**Task prompt**
Line by line, repeat the material below exactly and skip the images.

**Raw data**

──────────────────────────────

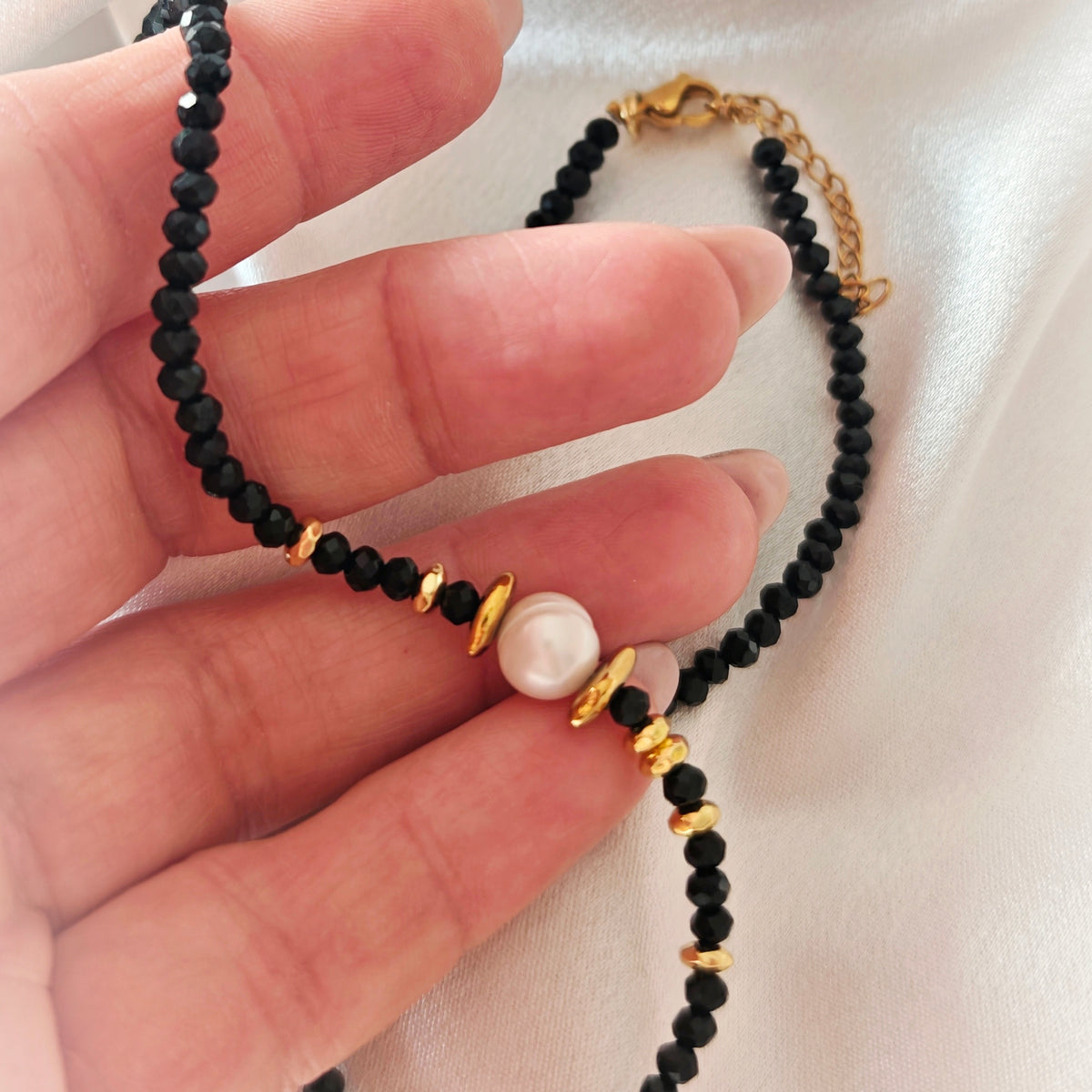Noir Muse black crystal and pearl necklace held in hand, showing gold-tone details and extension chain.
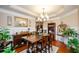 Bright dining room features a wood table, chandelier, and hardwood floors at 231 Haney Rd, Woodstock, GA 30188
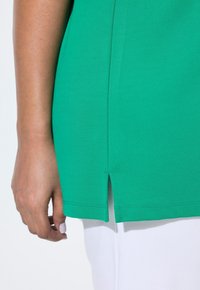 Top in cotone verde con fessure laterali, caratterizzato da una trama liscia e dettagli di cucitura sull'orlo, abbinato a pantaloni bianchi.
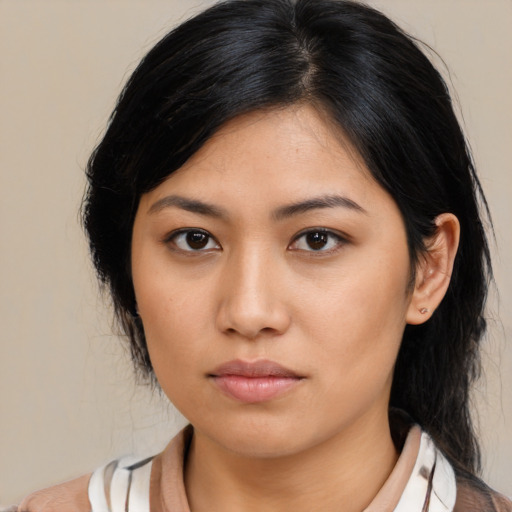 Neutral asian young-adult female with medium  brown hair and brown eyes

──────────────────────────────

**Result**
Noir Muse black crystal and pearl necklace held in hand, showing gold-tone details and extension chain.
 Bright dining room features a wood table, chandelier, and hardwood floors at 231 Haney Rd, Woodstock, GA 30188
 Top in cotone verde con fessure laterali, caratterizzato da una trama liscia e dettagli di cucitura sull'orlo, abbinato a pantaloni bianchi.
 Neutral asian young-adult female with medium  brown hair and brown eyes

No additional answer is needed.